Two-lift paving is not a new idea. The first concrete pavement constructed in the U.S., built in 1891 in Bellefontaine, Ohio, was a two-lift pavement. That pavement, designed to stand up to the wear and tear caused by horse-drawn wagons with steel wheels, is still in service today, as are other two-lift pavements built in the first decade of the 1900s in Michigan and Minnesota.
During the 1950s and 1960s, two-lift paving was implemented extensively in many states, including Iowa, Wisconsin, Michigan, Pennsylvania and Minnesota, to facilitate the placement of steel-reinforcing mesh in concrete interstate highway construction. Between 1970 and 2000, the U.S. concrete paving industry moved away from a jointed reinforced concrete pavement design and the use of mesh, significantly shortening the design length of pavement panels. The new design produced long-lasting pavements without steel reinforcement and eliminated the need for two-lift paving.
However, the high-quality, wear-resistant aggregates used to construct the U.S. pavements that have lasted 50-60 years are becoming scarce. As a result, two-lift paving is returning to the forefront as a sustainable, long-lasting pavement solution. Its potential benefits are attracting the attention of agencies and contractors across the country.
Working with the Union
Although two-lift paving fell out of use in the U.S., many European countries continued to use it and enjoy its benefits.
In May 2006, a team of 13 concrete pavement and materials specialists from the U.S. visited Canada and five countries in Europe to identify strategies and specifications used to design long-life concrete pavements. The team included members from the Federal Highway Administration (FHWA), state DOTs and the National Concrete Pavement Technology Center (National CP Tech Center), as well as contractors and materials suppliers.
After the scan tour, the team analyzed the techniques they had seen in Europe and selected two-lift paving as the strategy with the greatest potential for producing a cost-effective, sustainable, long-lasting pavement in the U.S.
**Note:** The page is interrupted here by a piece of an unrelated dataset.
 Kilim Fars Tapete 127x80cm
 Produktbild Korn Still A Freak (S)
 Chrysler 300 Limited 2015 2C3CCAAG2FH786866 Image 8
Laying it on thick—and thin
Sustainable solutions are those that balance economic, environmental and social benefits.
“Sustainability is not about perfection,” said Tom Van Dam, program director for materials and sustainability at Applied Pavement Technology. “It’s about balancing competing, and often contradictory, interests.”
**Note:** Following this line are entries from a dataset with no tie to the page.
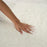 Pacific Shag Polyester Ivory Beige PCS02 IVBGE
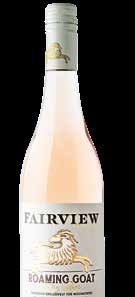 Fairview Roaming Goat Rosé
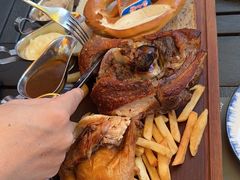 -Ambra Haus琥珀屋精酿餐厅(宝山店)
The two-lift process has great potential as a sustainable paving solution, said Van Dam. It reduces the cost of materials and materials transportation, reduces the environmental impact caused by quarrying and importing aggregates and increases societal benefits by lowering noise levels and providing a long-lasting pavement that does not need frequent reconstruction.
In two-lift paving, the bottom layer is thick, typically 80-90% of the total pavement thickness. The bottom lift generally contains locally available or recycled aggregates that may not be suitable as a wearing surface. These aggregates can be obtained at a lower cost than aggregates used in a traditional paving project.
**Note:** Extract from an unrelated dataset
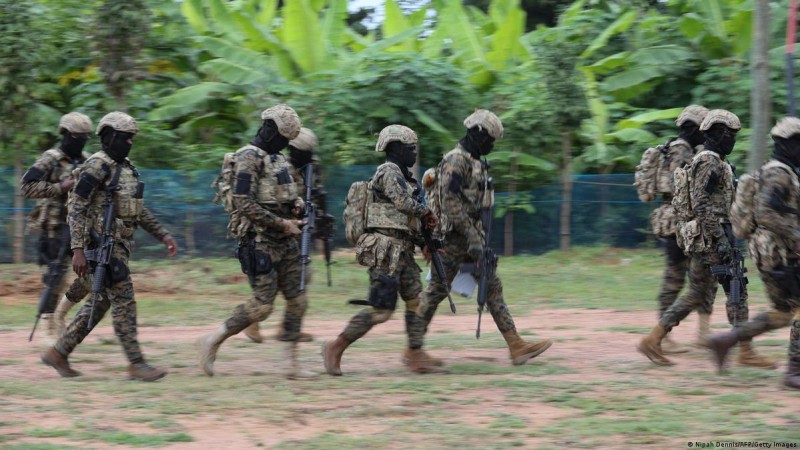 Terror təşkilatı yaradanlara 14 ilədək həbs təklif olunur&nbsp;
The top layer, on the other hand, is relatively thin and contains dense, wear-resistant aggregates that provide enhanced durability, reduced noise and increased friction. While these aggregates are more costly and frequently have to be imported, the overall cost and environmental impact of the pavement system is reduced because only a small amount of aggregates is required.
“Two-lift is optimized for recycling and reuse,” said Joep Meijer, president of the Right Environment, an environmental consulting firm in Austin, Texas. “Recycling is basically embedded in the technology.”
Since the bottom lift is not subjected to as harsh an environment as the top lift, a variety of recycled aggregates, including concrete or asphalt pavements, can be used in the bottom lift without sacrificing durability.
“We can use the road that is already there—just crush it up and use it in the new road,” explained Meijer.
Two-lift paving also can be optimized to reduce the environmental impact caused by cement production.
“The concrete industry is well aware of the energy intensity and CO2 emissions related to cement production, so we’re looking into options to reduce clinker content from cement,” said Meijer.
One way to reduce the cement content of concrete is to use supplementary cementitious materials, such as fly ash. This strategy is commonly used in concrete paving projects and can be used in higher quantities in two-lift paving.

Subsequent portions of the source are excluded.